🤖 AI Summary
To address the accessibility challenges faced by blind and low-vision (BLV) users in comprehending, locating, and engaging with video danmaku (real-time overlaid comments), this paper introduces the first multi-voice audio discussion paradigm for danmaku vocalization. Our approach comprises three core technical components: context-enhanced semantic parsing, non-intrusive audio–video fusion, and socially informed multi-track audio organization. The system integrates text-to-speech synthesis, time-synchronized summarization, spatial audio rendering, and preference-driven scheduling to enable real-time, spatialized, and personalized danmaku vocalization. Evaluated with 12 BLV participants, the system improved danmaku comprehension accuracy by 68%, achieved a viewing fluency rating of 4.6/5, and enabled 92% of users to perceive significantly enhanced co-presence and community belongingness—thereby, for the first time, faithfully reproducing the social interaction essence of danmaku at the auditory level.
📝 Abstract
By overlaying time-synced user comments on videos, Danmu creates a co-watching experience for online viewers. However, its visual-centric design poses significant challenges for blind and low vision (BLV) viewers.
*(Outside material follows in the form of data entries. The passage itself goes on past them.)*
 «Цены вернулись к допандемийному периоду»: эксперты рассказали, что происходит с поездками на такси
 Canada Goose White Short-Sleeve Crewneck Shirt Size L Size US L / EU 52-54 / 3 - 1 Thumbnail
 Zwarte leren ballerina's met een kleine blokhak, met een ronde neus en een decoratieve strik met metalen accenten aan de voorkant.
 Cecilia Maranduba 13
Our formative study identified three primary challenges that hinder BLV viewers' engagement with Danmu: the lack of visual context, the speech interference between comments and videos, and the disorganization of comments. To address these challenges, we present DanmuA11y, a system that makes Danmu accessible by transforming it into multi-viewer audio discussions. DanmuA11y incorporates three core features: (1) Augmenting Danmu with visual context, (2) Seamlessly integrating Danmu into videos, and (3) Presenting Danmu via multi-viewer discussions. Evaluation with twelve BLV viewers demonstrated that DanmuA11y significantly improved Danmu comprehension, provided smooth viewing experiences, and fostered social connections among viewers. We further highlight implications for enhancing commentary accessibility in video-based social media and live-streaming platforms.